Volvió a cubrir su rostro con la colorada caperuza y partió por el camino más largo sin dejar de tararear la canción. Mi instinto más animal reaccionó, corrí sin mirar atrás hacia el lugar mencionado, mis patas levantaban tierra y hojarascas del impulso que ejercía por la velocidad en la que iba.

Mi único objetivo era llegar antes que ella y cumplir con su pedido, corría llevándome todo a mi paso al tiempo que aullaba de deseo. Mi apetito voraz se había multiplicado y mi lado más salvaje se había despertado de una manera que nunca antes había experimentado. Ella, caperuza, lo había despertado. 
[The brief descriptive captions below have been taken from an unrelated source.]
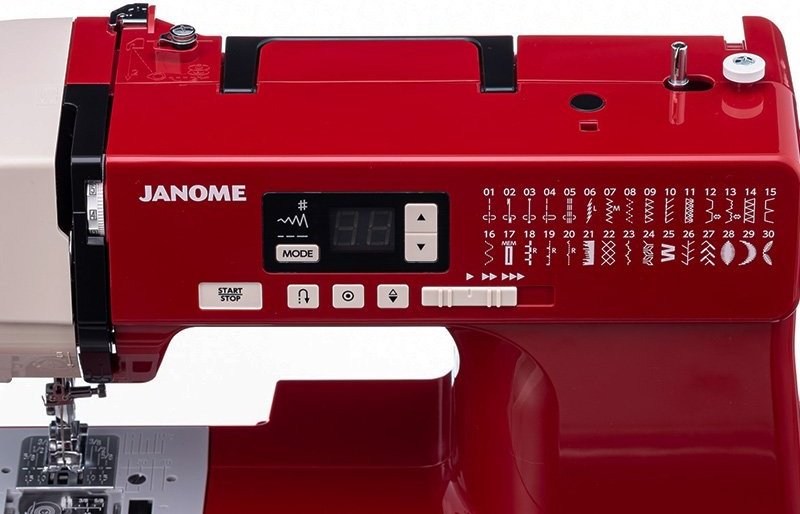 Швейная машина Janome ТМ30 красный - ForteMarket Швейная машина Janome ТМ30 красный купить,0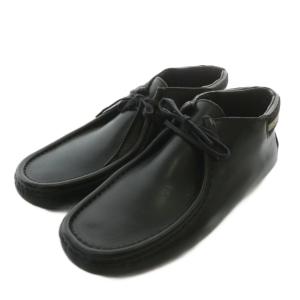 チャッカブーツ ワラビー レザー 37 24cm 黒 ブラック /XZ GY19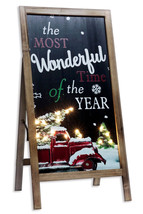 TX USA Corporation Lighted Wonderful Time of the Year Wooden Porch Sign - Black - $77.30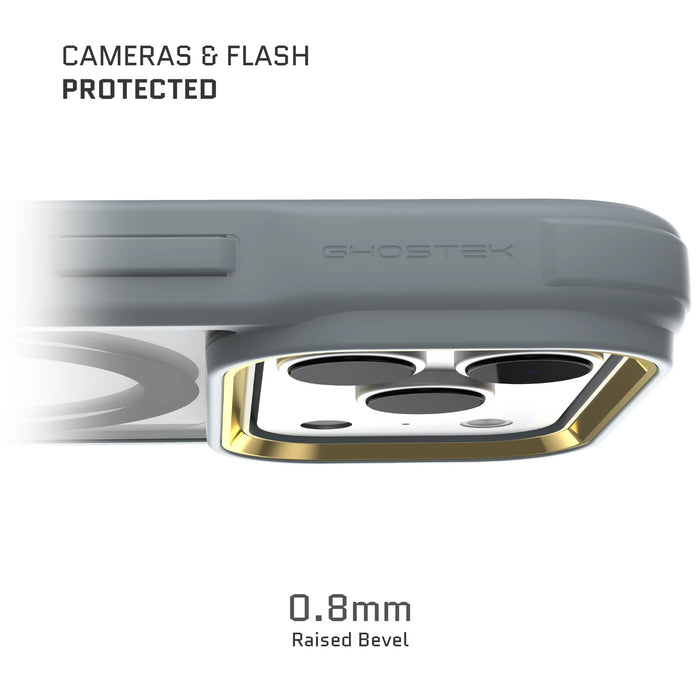 iPhone 17 Pro Max Case Grey Clear MagSafe Protective Phone Cover Shockproof Magnetic Mag Safe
Llegué hasta la cabaña donde no dudé en despedazar a la desahuciada anciana, la encontré ahí, postrada en su cama. La engullí de un solo bocado, pero no calmó mi hambre. Mi apetito solamente podía ser saciado por ella, por Caperucita roja, la cual no tardó mucho en llegar. 

Apenas pude vislumbrar su figura atravesando la puerta, mi instinto primitivo no se hizo esperar y corrió hacia ella. Despojé su cuerpo de la pesada capa y arranqué su vestimenta con mis garras afiladas. Gimoteó, sin embargo, puso una mano en mi peludo pecho para detenerme. 
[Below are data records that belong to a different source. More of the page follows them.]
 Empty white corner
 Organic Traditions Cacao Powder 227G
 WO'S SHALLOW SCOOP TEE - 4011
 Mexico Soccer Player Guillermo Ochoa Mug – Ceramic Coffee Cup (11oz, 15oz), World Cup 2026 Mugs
—¿Por qué tienes esas orejas tan grandes? —preguntó. 

—Son para escucharte gemir mejor. 

—¿Y esos ojos tan grandes? 

—Para ver tu sensual figura. 

—¿Y esa boca tan grande? 

—Para probar cada parte de tu cuerpo mejor. 

—¿Y ese…? 

Su pregunta quedó en el aire cuando pasé mi lengua por su cuello y luego por sus labios, la cargué en mis brazos y la llevé hasta la cama. Allí me dio de la miel más dulce y exquisita que mi paladar pudo probar, lamí cada parte de ella hasta fundirme en miles de sensaciones nunca antes vistas por mí, gruñí bajo su hechizo hasta saciarme por completo. 

Me había llevado a un mundo que no conocía y que desde ahora no estaba dispuesto a dejarlo jamás. No obstante, todo ese mundo se vino abajo cuando desperté por el estruendoso ruido de la puerta cayendo. Era ella, la mujer que me había llevado al paraíso. Esa misma que ahora me señalaba con lágrimas en sus ojos y fingido temor. 
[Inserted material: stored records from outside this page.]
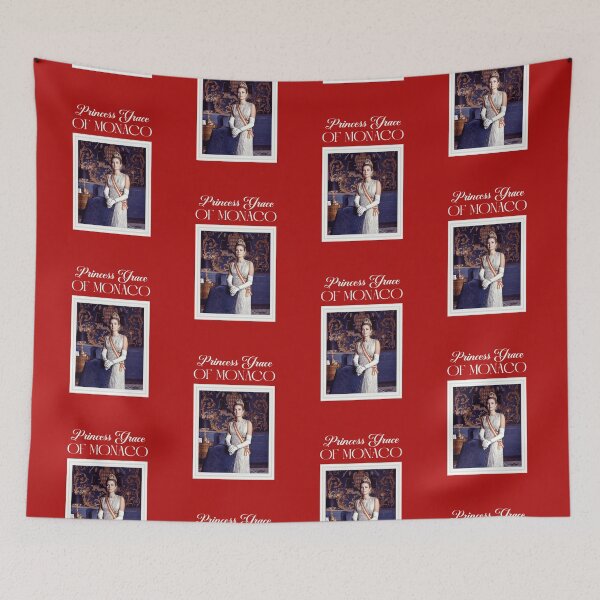 Item preview, Princess Grace of Monaco (White on Red) designed and sold by PawsitiveMum3.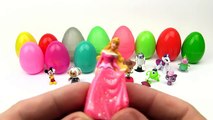 Play Doh Surprise Eggs Kinder Frozen Disney Princess Masha i Medved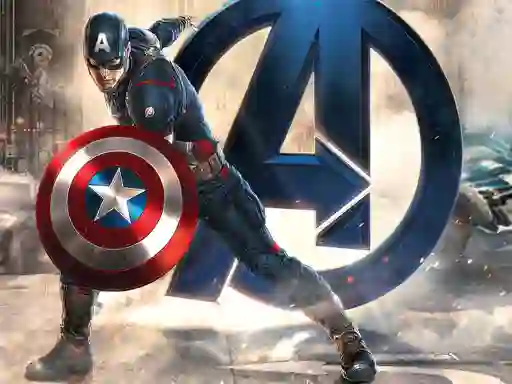 Captain American Jigsaw Puzzle — безплатна онлайн игра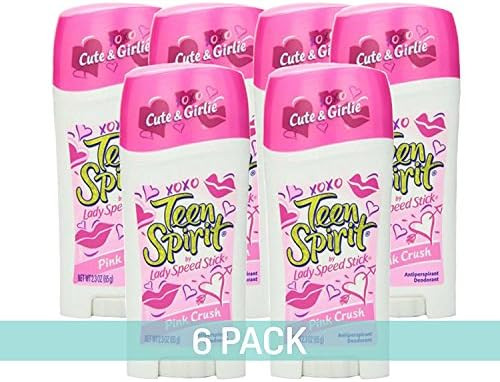 Lady Speed Stick Teen Spirit Antiperspirant Deodorant Pink Crush 2.3 Ounce (Pack Of 6)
—¡Es él! —gritaba con espanto al leñador que la acompañaba. —¡Mátalo! —la miré confundido.

La escopeta del barbado hombre disparó contra mi pecho y solo hasta ese entonces distinguí mi torso humano, la sangre roja y espesa se escapaba de mis dedos al tiempo que asimilaba que me había convertido en un hombre. 

El día que tu alma se alinee con tus instintos, ese día tu cuerpo tomará tu verdadera forma, pero también conocerás la traición. Me desvanecí rememorando las palabras de aquella pitonisa. 

***

Hola mis queridos lectores. Una vez más, gracias por estar aquí y leerme.